- [WHAT IS NEEDED] Copy only those lines which run from the line containing "Giường trong phòng" to the end of the entries below, both inclusive, exactly as written and with no pictures.

─── ENTRIES SUPPLIED ───

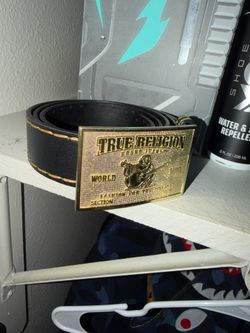 Black true religion belt with gold buckle and stitching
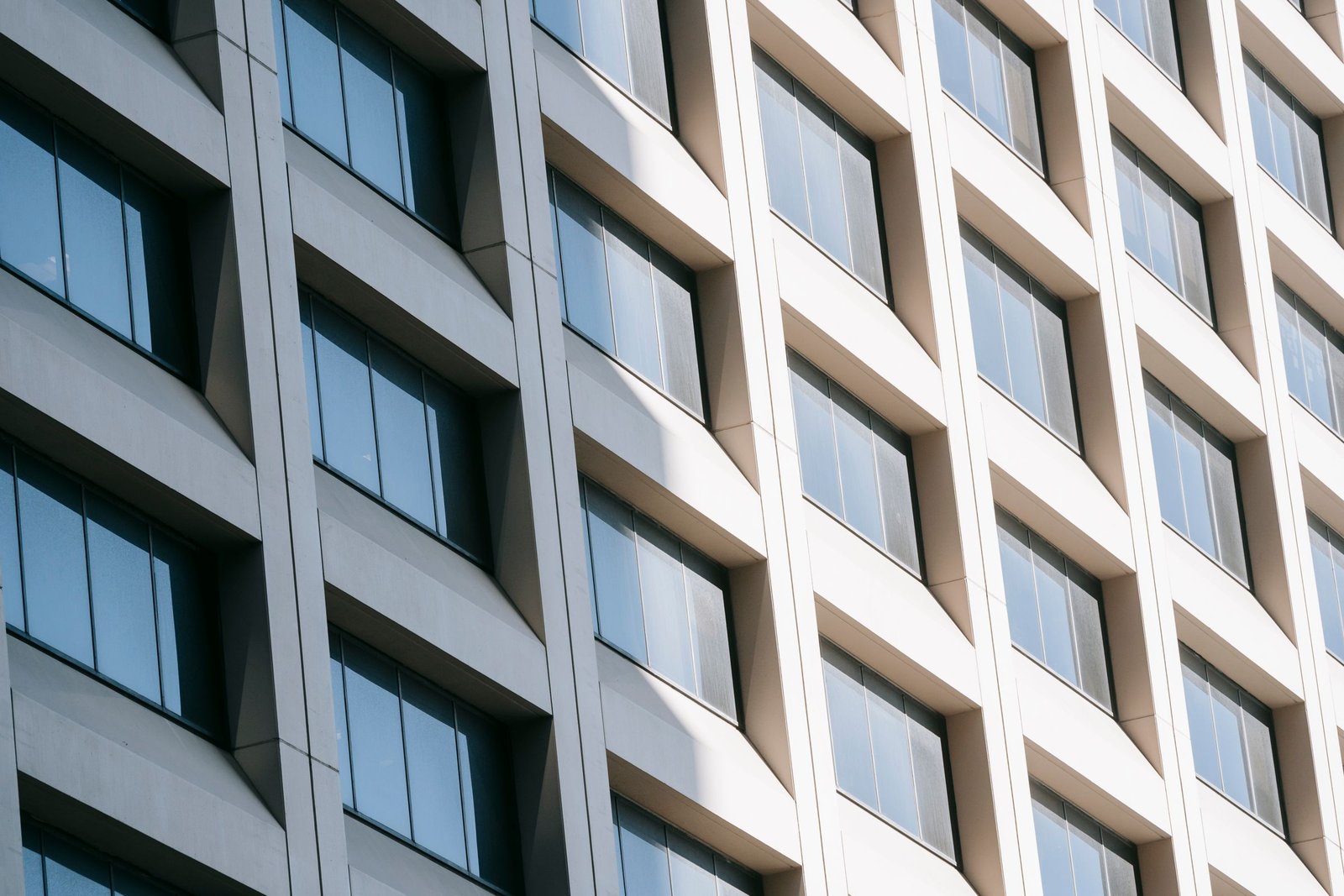 Bright glass-and-concrete facade with repeating windows and angled vertical bays.
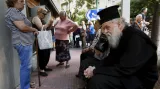 Otec Theoklitos, sedmasedmdesátiletý ortodoxní mnich, čeká spolu s řadou dalších důchodců ve frontě před bankou na to, aby si mohl vybrat malou část svých úspor na důchod.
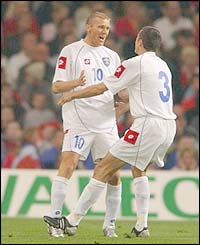 Serbia & Montenegro's scores Zvomimir Vukic against Wales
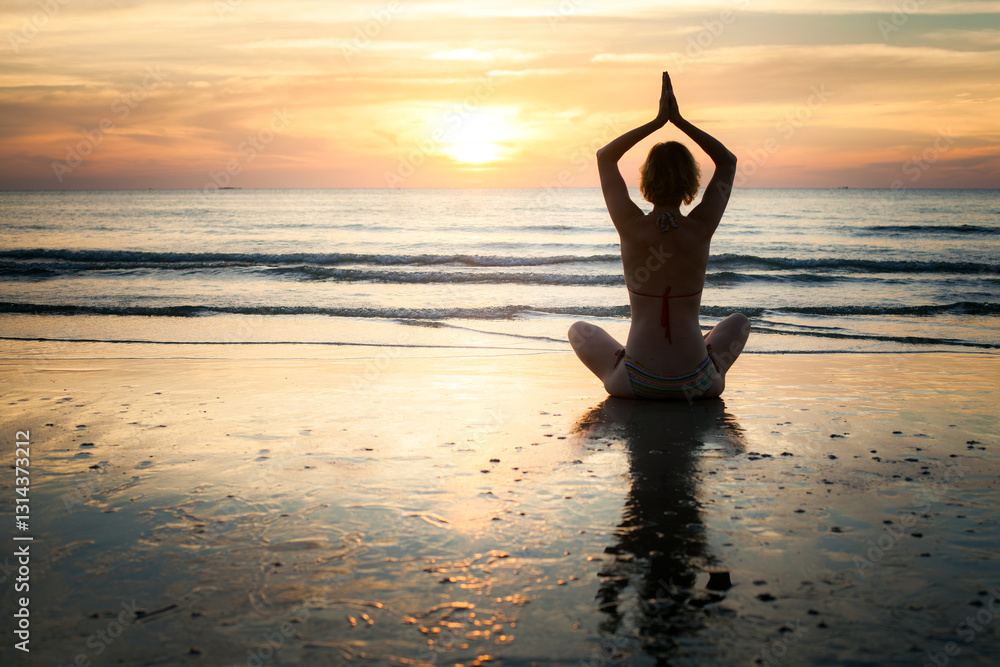 The silhouette of a woman meditating at the water's edge during a serene sea sunset, radiating peace and tranquility.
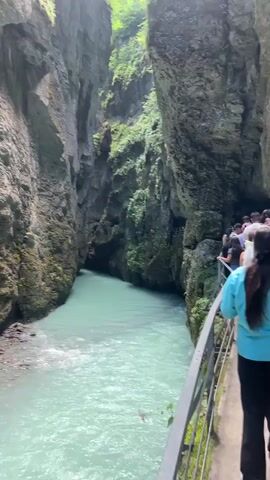 A person is filming from a walkway next to a bright turquoise river flowing through a narrow canyon. The walkway has a metal railing. On the walkway, a group of people are walking away from the camera. The canyon walls are steep and rocky, with some vegetation growing on them. The river is wide and appears to be moving quickly. The camera briefly pans to the right, showing more of the canyon wall.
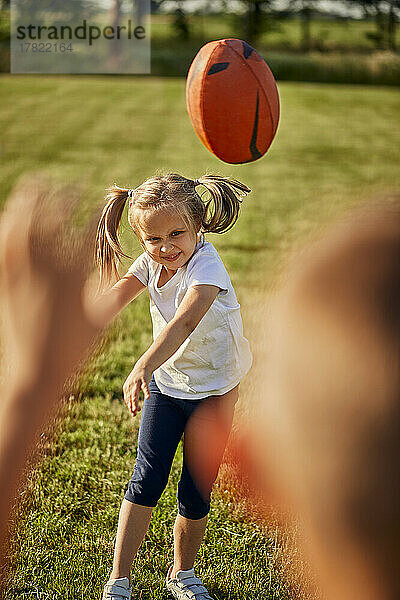 Lächelndes Mädchen wirft seinem Bruder an einem sonnigen Tag Rugbyball zu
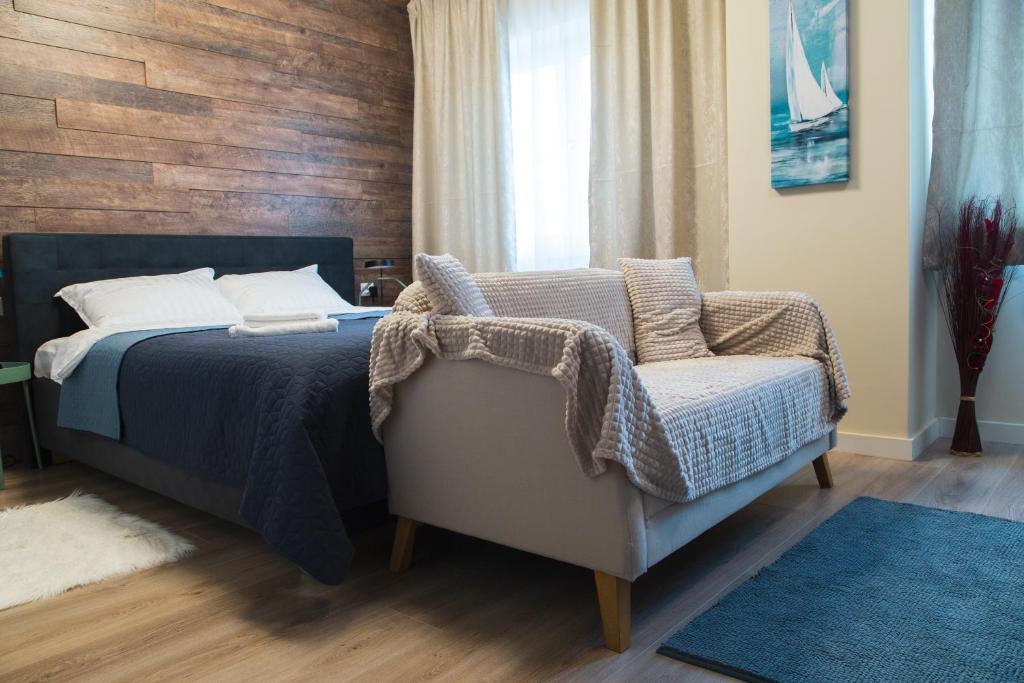 Giường trong phòng chung tại Konstanzer 95 - 1 camera, bucaterie, aer conditionat, masina de sopalat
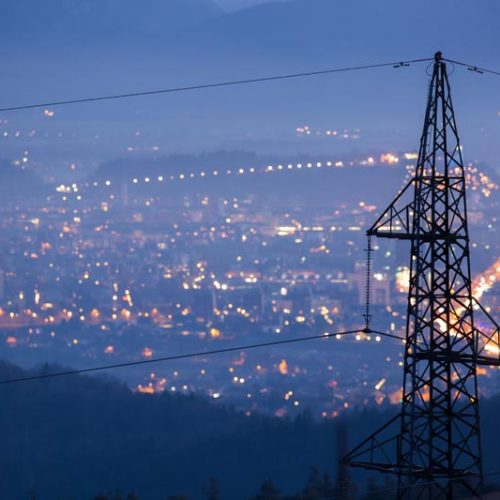 Electricity pylon silhouetted against a night cityscape with twinkling lights and a hazy atmosphere.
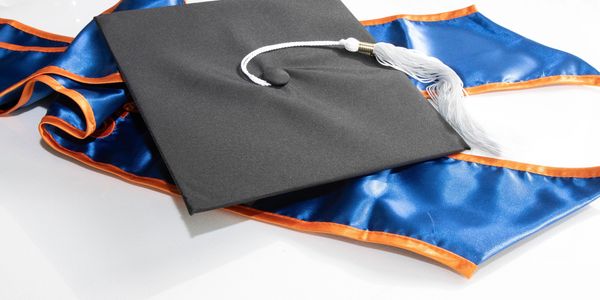 Black graduation cap with white tassel on blue and orange stole.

───

- [EXERCISE RESULT]
 Giường trong phòng chung tại Konstanzer 95 - 1 camera, bucaterie, aer conditionat, masina de sopalat
 Electricity pylon silhouetted against a night cityscape with twinkling lights and a hazy atmosphere.
 Black graduation cap with white tassel on blue and orange stole.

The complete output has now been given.